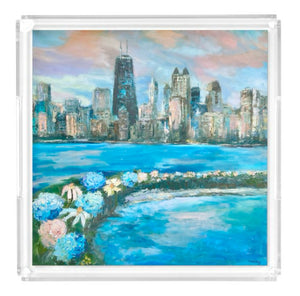 Donna j. West Large Acrylic Tray Follow Your Path Cityscape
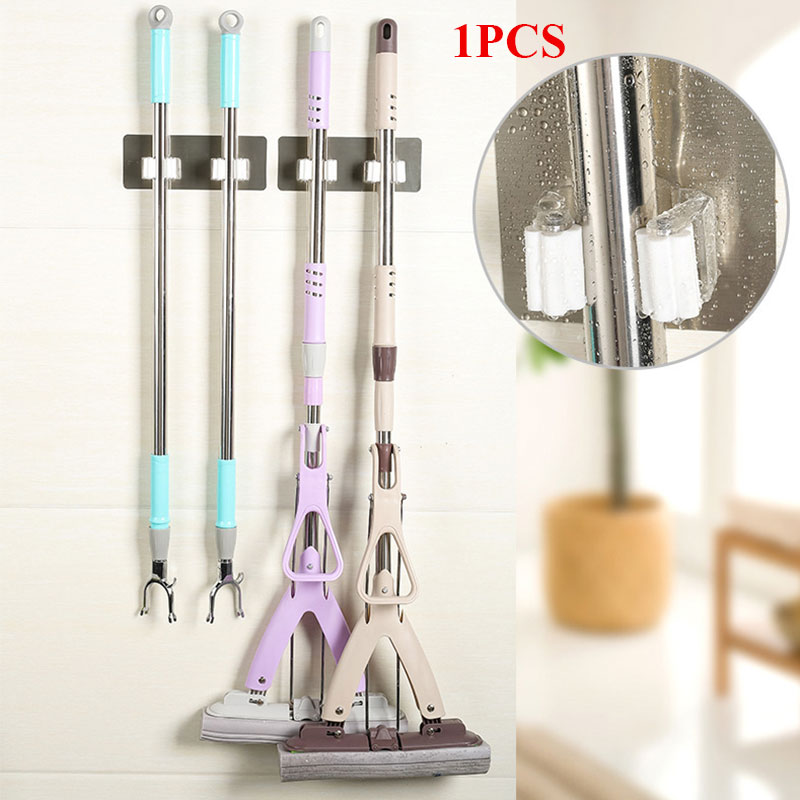 Wall Mounted Hanger Removable Mounted Mop Clip for Tools Shelf for Bathroom Organizer Mop Clamp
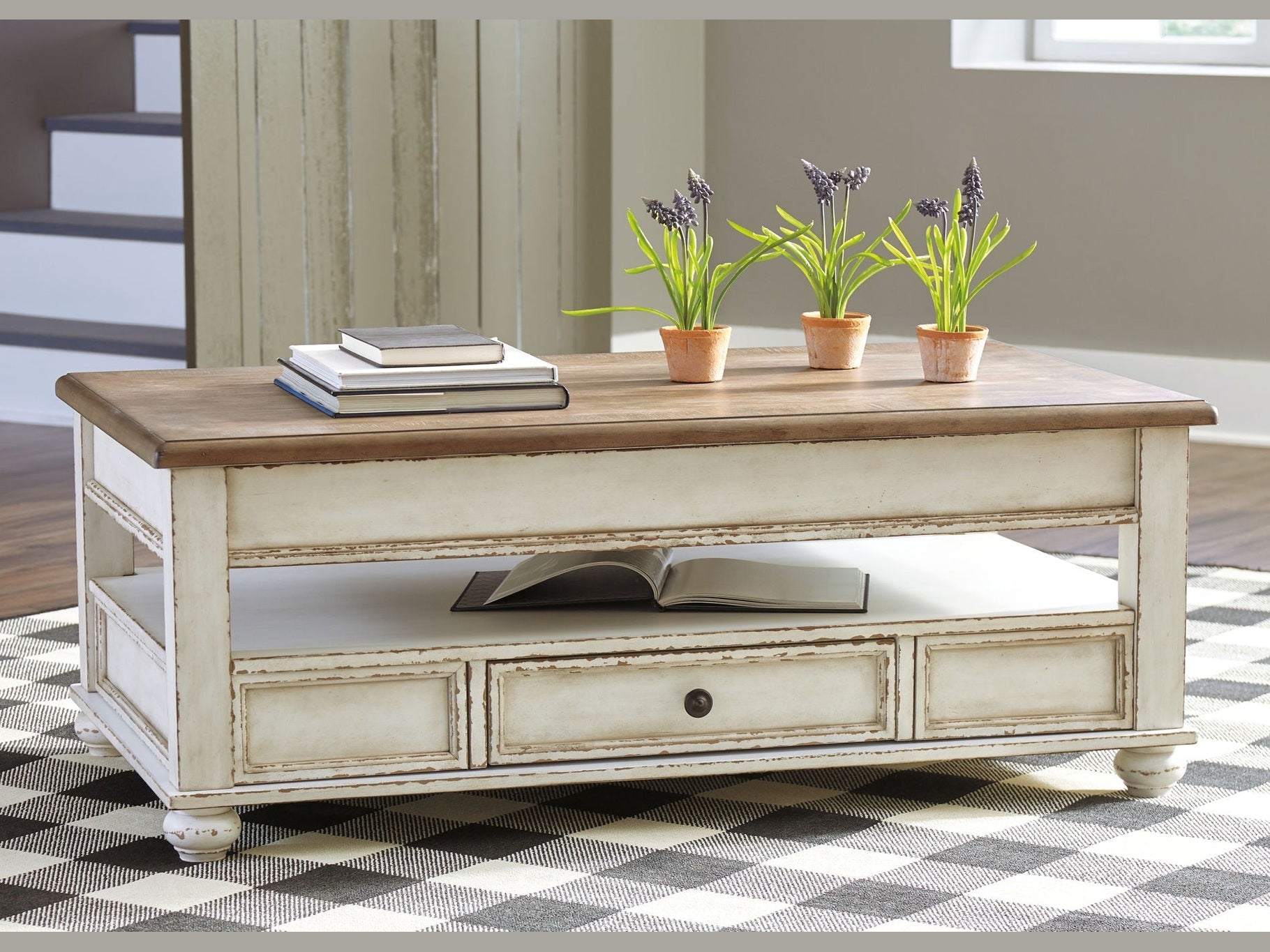 Realyn - Lift Top Cocktail Table - White / Brown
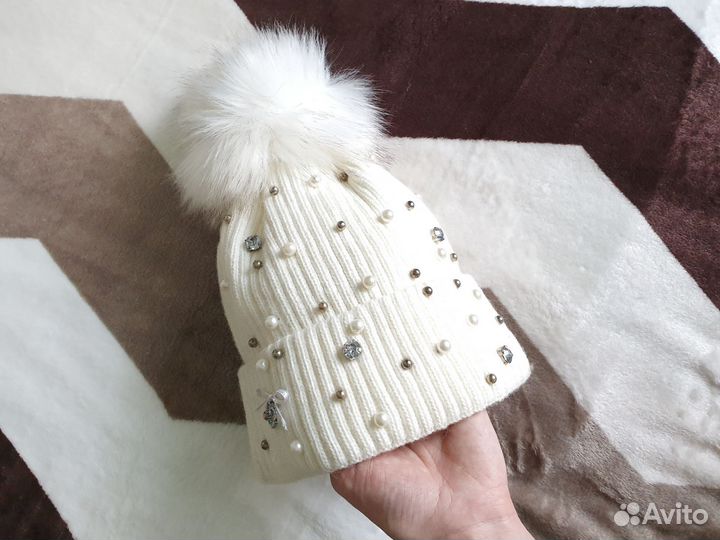 Зимняя шапка на флисе для девочки 54 на 6-10 лет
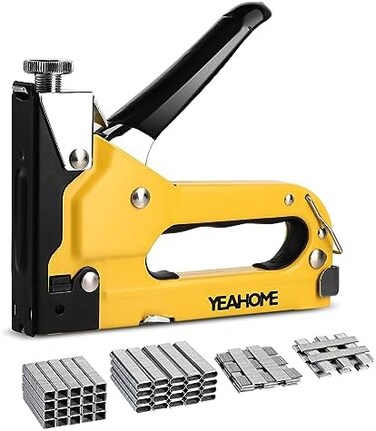 YEAHOME Upholstery Staple Gun Heavy Duty, YEAHOME 4-in-1 Stapler Gun with 4000 Staples, Manual Brad Nailer Power Adjustment Stapler Gun for Wood, Crafts, Carpentry - Yellow 4in1 W4000staples.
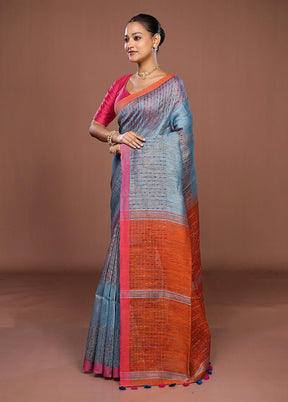 Rust Linen Silk Saree With Blouse Piece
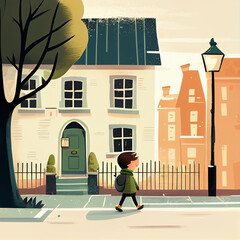 The boy is walking down the street in the background of the house and nature. AI Generated
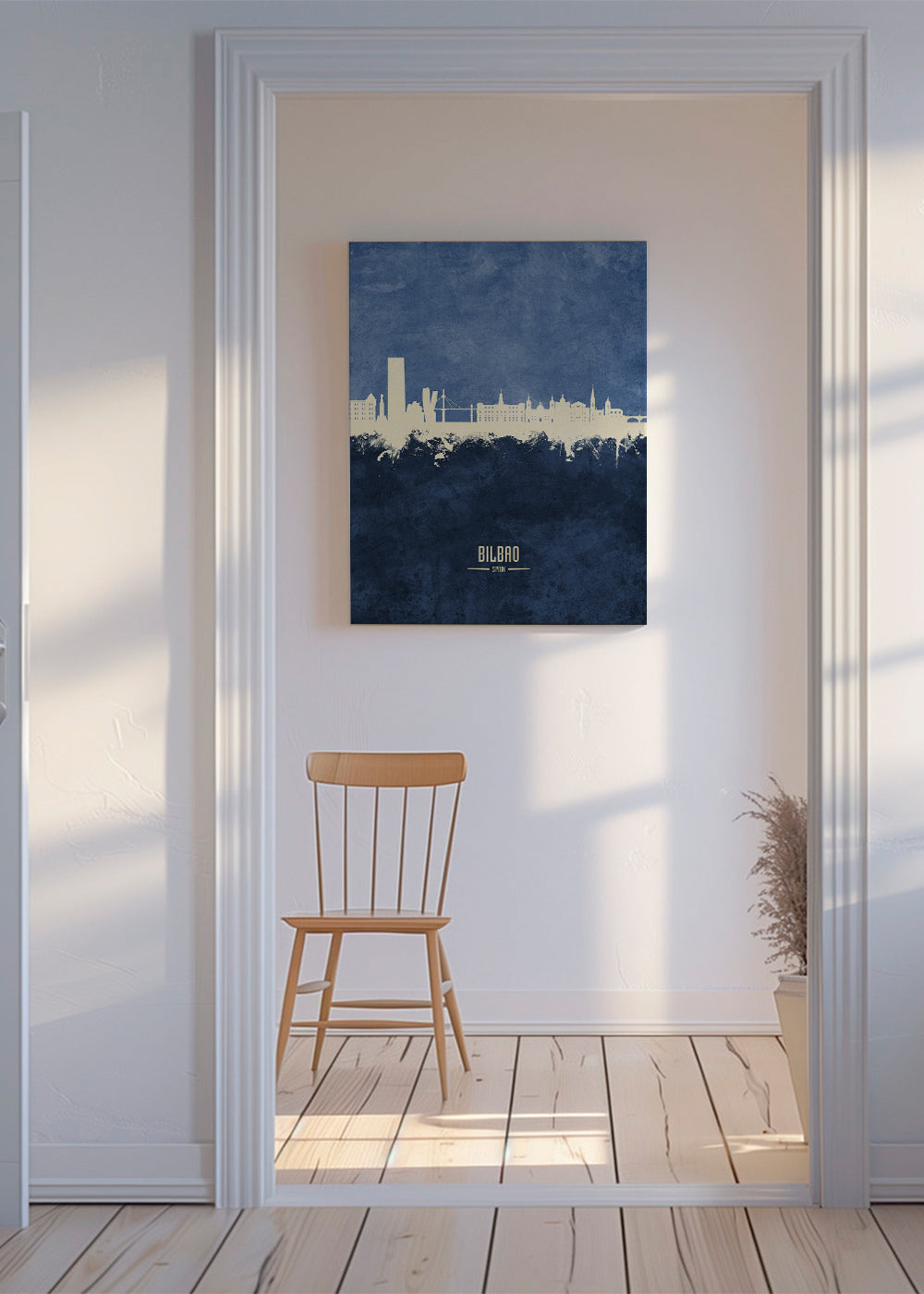 Stadsposter: Bilbaos skyline i blått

__WORK ORDER__
Repeat exactly the lines above, starting at the one that contains "Wall Mounted Hanger" and stopping at the last line of the entries, and leave out the pictures.

__SOLUTION BELOW__
 Wall Mounted Hanger Removable Mounted Mop Clip for Tools Shelf for Bathroom Organizer Mop Clamp
 Realyn - Lift Top Cocktail Table - White / Brown
 Зимняя шапка на флисе для девочки 54 на 6-10 лет
 YEAHOME Upholstery Staple Gun Heavy Duty, YEAHOME 4-in-1 Stapler Gun with 4000 Staples, Manual Brad Nailer Power Adjustment Stapler Gun for Wood, Crafts, Carpentry - Yellow 4in1 W4000staples.
 Rust Linen Silk Saree With Blouse Piece
 The boy is walking down the street in the background of the house and nature. AI Generated
 Stadsposter: Bilbaos skyline i blått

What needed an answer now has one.